The Cassidy-graham legislation would overhaul the ACA by lumping together the current law’s spending on insurance subsidies and expanded Medicaid and redistributing it to states in the form of block grants.
Alaska would get 3 percent more funding between 2020 and 2026 than under current law, and Maine would get 43 percent more funding during that time period, according to a summary obtained by The Post.
The plan was distributed among Republicans late Sunday, with party leaders just one “no” vote away from defeat and as Republican senators from across the political spectrum were distancing themselves from the prior draft.
“Eventually we’ll win, whether it’s now or later,” President Donald Trump said of the health care effort Sunday as he prepared to board Air Force One to return to Washington after spending the weekend at his golf resort in Bedminster, New Jersey.

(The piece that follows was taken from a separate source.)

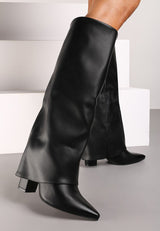 Črni visoki škornji z blok peto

Collins, a moderate Republican who has opposed previous efforts that cut Medicaid and eased coverage requirements, said in a TV interview earlier Sunday that it was “very difficult” to envision herself voting for the health-care bill.
Sen. Ted Cruz, R-texas, a conservative who has advocated a more far-reaching repeal of the ACA, commonly called Obamacare, said he and at least one other conservative colleague do not back the measure “right now.”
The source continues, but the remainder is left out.